> **Action item**
Skip all pictures, then copy the lines from the start of the data through the line with "This vehicle is", keeping both ends.

> **Information provided**

────────────────

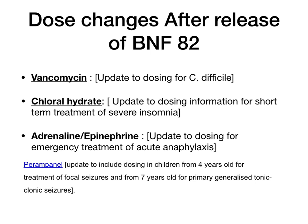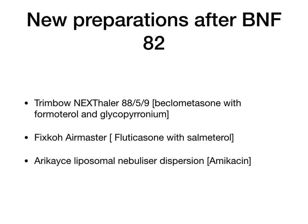New preparations — not too many, but for the respiratory system in particular: Trimbow Nexthaler 88/5/9, which is a new preparation; FixCo Airmaster; and Arikayce Liposomal Nebuliser Dispersion. These are new preparations added to the BNF after the release of BNF 82, so you wouldn't find them in your hard copy.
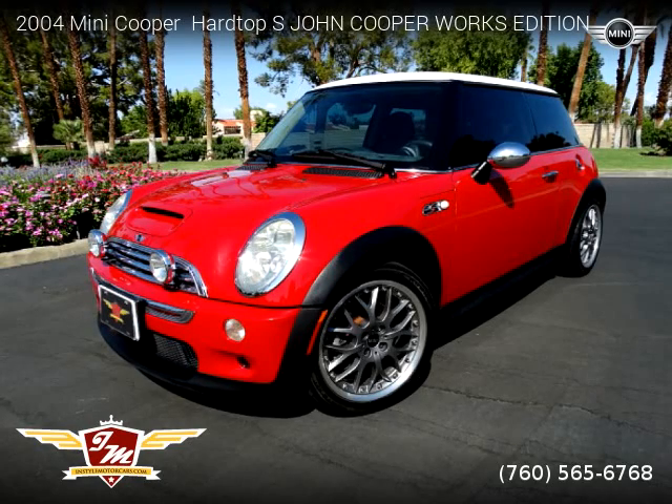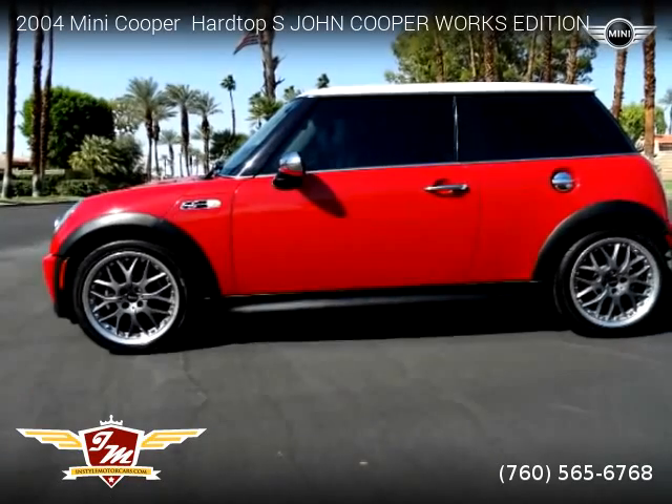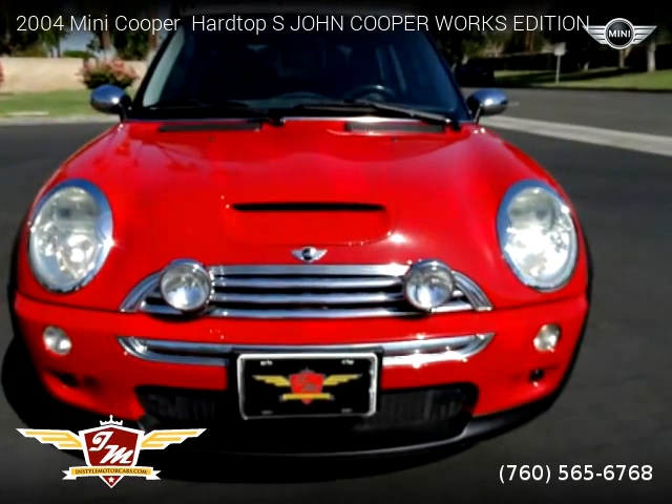This vehicle is a 2004 Mini Cooper Hardtop S, John Cooper Works Edition, with 95,380 miles. Brought to you by InStyle Motor Cars.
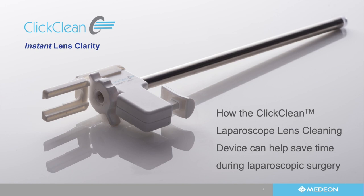Good evening everyone, and thank you for joining us. Today's topic is about how the ClickClean cleaning device can help save time and eliminate interruptions during laparoscopic surgery. My name is Tim Buckley, and I'm the vice president of commercial operations at Medion Bio.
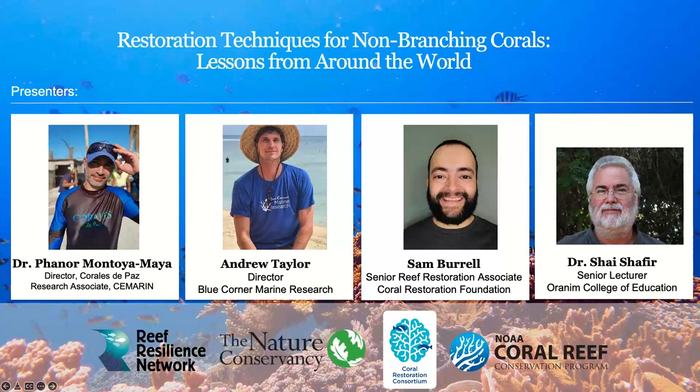Good morning and thanks for joining us today. My name is Caitlin Lustig. I'm TNC's South Florida Marine Conservation Manager, and I will be the host of this webinar. We have four panelists joining us today to talk about their work with non-branching coral species.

────────────────

> **Solution to the problem**
New preparations — not too many, but for the respiratory system in particular: Trimbow Nexthaler 88/5/9, which is a new preparation; FixCo Airmaster; and Arikayce Liposomal Nebuliser Dispersion. These are new preparations added to the BNF after the release of BNF 82, so you wouldn't find them in your hard copy.
This vehicle is a 2004 Mini Cooper Hardtop S, John Cooper Works Edition, with 95,380 miles. Brought to you by InStyle Motor Cars.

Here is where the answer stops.